While Milosevic may have made some concessions under threat of NATO bombardment, it is also the case that cruise missile attacks and B-52 bombing runs offered little in terms of a solution suiting Washington and the major Western European powers. Air power, in and of itself, has proven inadequate to change the situation on the ground in similar conflicts. NATO's options, to the extent that it genuinely wanted to change the map of the Balkans, lay either in protracted and intense bombardment aimed at crippling Serbia, or putting ground troops into Kosovo.
There was no consensus within NATO for either course of action. Italy and Germany held out until the last moment on giving their go-ahead for a NATO operation against Serb forces. In the case of Italy, the vote in favor of NATO military action was facilitated by the fall of Romano Prodi's government. Had Prodi won his vote of confidence and hung onto his parliamentary majority, he would have been less likely to risk losing votes from the Rifundazione Comunista and others by backing a bombardment.
In Germany, support for the action was mustered largely thanks to the work of Joschka Fischer, the leader of the Green Party, who is widely expected to become the country's next foreign minister. Mr. Fischer has been one of those seeking to lead the former pacifist protesters of the Greens into supporting a more 'enlightened' revival of German imperialism.
Both Holbrooke and President Clinton presented the threat of NATO air strikes and the entire US initiative in Kosovo as a matter of humanitarian concern for the suffering Albanian population. As with American interventions in Somalia, Bosnia and elsewhere, such justifications are a self-serving cover for the defense of US strategic interests.
The killings in Kosovo have been going on for the last eight months and evidence of human rights violations have been relayed to Washington by satellite photos and intelligence analysts throughout this period. US intervention in the crisis was driven by concern that the growing numbers of refugees would spill over into Macedonia, where there is also a large ethnic Albanian minority, and into Albania itself. The widening of the conflict would create the danger of a war extending well beyond the former Yugoslavia and calling into question many of southern Europe's borders.

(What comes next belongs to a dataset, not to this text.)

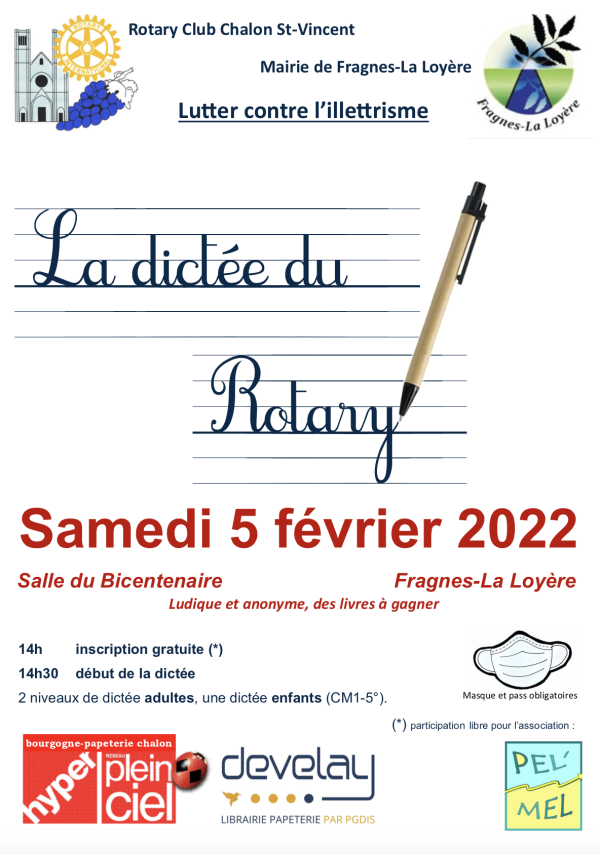 Ce samedi, Dictée du Rotary à la salle du Bicentenaire à Fragnes-La Loyère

Prosecuting the NATO bombing campaign, however, presented the Clinton administration with a difficult set of choices. For all the media demonization of Milosevic, the Serbian president has served as a linchpin for the Dayton accords that divided Bosnia into ethnic cantons and, at least temporarily, froze the civil war there. A serious attack on the Serbian regime held the danger of further destabilizing Bosnia and the rest of the region.
At the same time Moscow, which has upheld its own historic interests in the region by aligning itself with Serbia, had threatened to lift its arms embargo on the Milosevic regime and reconsider its cooperation with the Western powers in Europe.

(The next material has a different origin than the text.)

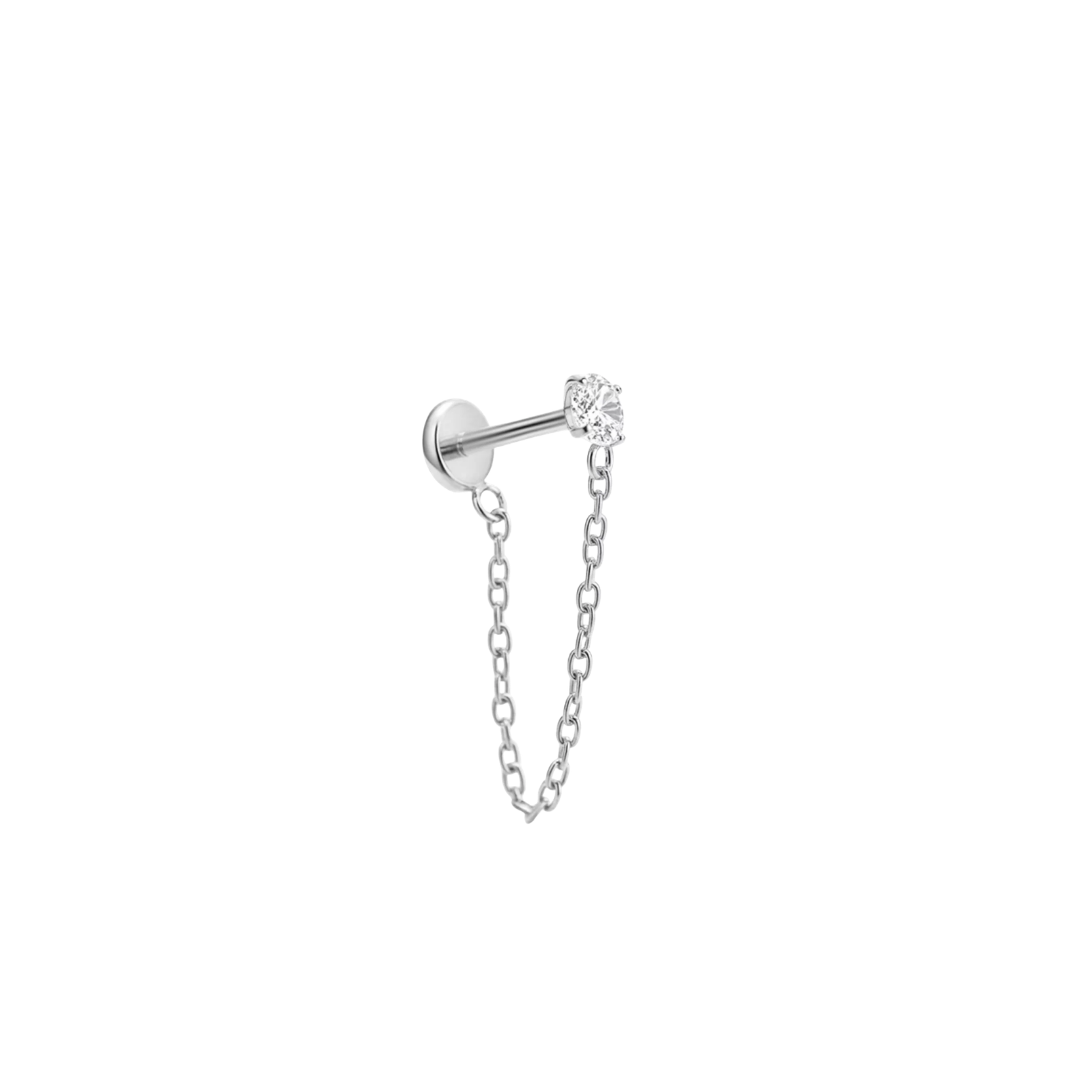 Piercing titanio plateado circonia con cadena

In terms of its domestic political needs, the prospect of dropping bombs and firing cruise missiles against the Serbs held an obvious attraction for the embattled Clinton presidency. A military assault in the former Yugoslavia held the promise of diverting political attention from the growing threat of impeachment and placating some of the right-wing political criticism of Clinton.
The Holbrooke-Milosevic deal may be picked up by elements of the Republican Party as another factional issue in the internecine struggle taking place in Washington. Most of Clinton's Republican opponents, however, have opposed further deployment of US ground troops in the region and have advanced no alternative policy.